Is Tom Hiddleston done playing Loki? The Season 2 finale of the titular Disney+ series seemed to end pretty conclusively, bringing the story of the God of Mischief to a close… Giving him what he professed to always want, albeit not in a way anyone expected.
And Hiddleston seemed to confirm as much when he went on The Tonight Show with host Jimmy Fallon on Friday, November 10.
“It all comes full circle,” Hiddleston told Fallon. “It’s the conclusion of Season 2. It’s also a conclusion to Seasons 1 and 2. It also is the conclusion to 6 films and 12 episodes and 14 years of my life… It’s been a journey.”
Hiddleston stops short of saying “I am done playing Loki,” and Jimmy Fallon doesn’t ask him about it or follow up on this thread in any way because as an interviewer your job is to only occasionally interrupt your subjects with softball follow-ups and go “oh wow” and “cool.” So while it’s possible Hiddleston is done playing Loki, that’s not something that is explicitly stated in the interview — whatever other outlets might be posting.
What he seems to be saying here is that “Glorious Purpose” closes the book on 14 years of storytelling in the Marvel Cinematic Universe (MCU), which Hiddleston has been an integral part of… From Thor in 2011, through The Avengers, Thor: The Dark World, Thor: Ragnarok, Avengers: Infinity War, and Avengers: Endgame. And then continuing through 12 episodes of Loki as he notes.
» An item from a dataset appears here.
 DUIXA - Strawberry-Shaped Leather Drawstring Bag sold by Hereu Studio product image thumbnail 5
But — and spoilers for the episode past this point — Loki is not dead at the end of Loki. He is not just alive, but a crucial part of the multiverse as he is powering the whole thing on his lonesome. Loki is no longer Loki, and he is more than He Who Remains (Jonathan Majors) ever was. He is… Loktree, the Multiversal World Tree. Or maybe the God of Time or something, unclear. Whatever it is, Loki is still out there, and while 14 years of Tom Hiddleston’s life and character development are brought to a close in the finale, that does not mean he can’t return as Loki in some future movie. Perhaps Avengers: Secret Wars, which will reduce the multiverse down to one, patchwork planet? Seems like the sort of thing the guy who is holding the multiverse together might have something to say about.
Watch Tom Hiddleston Talk The End Of Loki On The Tonight Show:
There’s plenty more Hiddleston had to say about the finale, despite Fallon constantly interrupting and trying to push the conversation over in other directions — again, exactly the sort of thing you want an interviewer to do. But Hiddleston, undeterred, kept returning to talk thematically about what the Loki finale means to him, and the character.
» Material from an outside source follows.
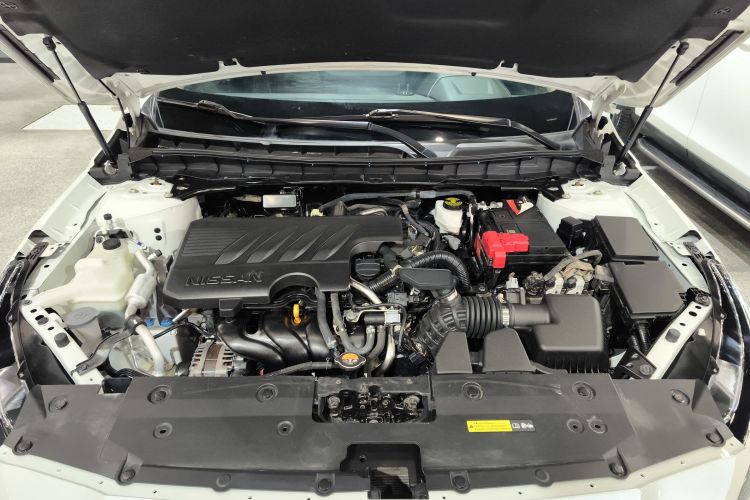 日产 天籁 2022款 2.0L XL-TLS 悦享版机舱底盘24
You can read a transcript of his thoughts below, followed by the full video. I don’t recommend that, though.
“In the finale, I do think there are echoes and resonances of every version of Loki that I’ve played. And I think, without spoiling it — the episode is called ‘Glorious Purpose.’ And if you remember, in the first Avengers film, Loki comes down to Earth, looks straight at Sam Jackson as Nick Fury, and I say, ‘I am Loki of Asgard, and I am burdened with glorious purpose.’ And he’s arrogant, and he’s hubristic, and he’s entitled, and he’s puffed up, and he’s going to take over the world. And then, you know, it doesn’t go so well for him. We’ve all seen Infinity War. Face to face with Thanos. Not so glorious. At the beginning of Season 1, Mobius, played by Owen Wilson — the best ever… He basically shows Loki the glorious purpose was a fallacy. And he gets kind of a second chance. And that, I think, was the most exciting thing about this show was seeing Loki try to rethink and rediscover that sense of purpose, which we can all relate to. We all wonder if we’re in charge of our own story. Can a leopard change his spots? Do we have any free will? And in exercising free will, you make choices in your own life. You get a — I don’t know — you get a black coffee, or a latte, or a cappuccino, that’s a choice. I mean, it’s a small choice. Every choice you make adds up to the picture of your life. And do those choices inform your purpose? And I think all of us as people want happy lives, but we also want lives with a purpose. And that’s really what the show is talking about… I the end he comes back to meaning, and identity, and family, which is really what Loki has always been about. It’s always been about purpose and family.”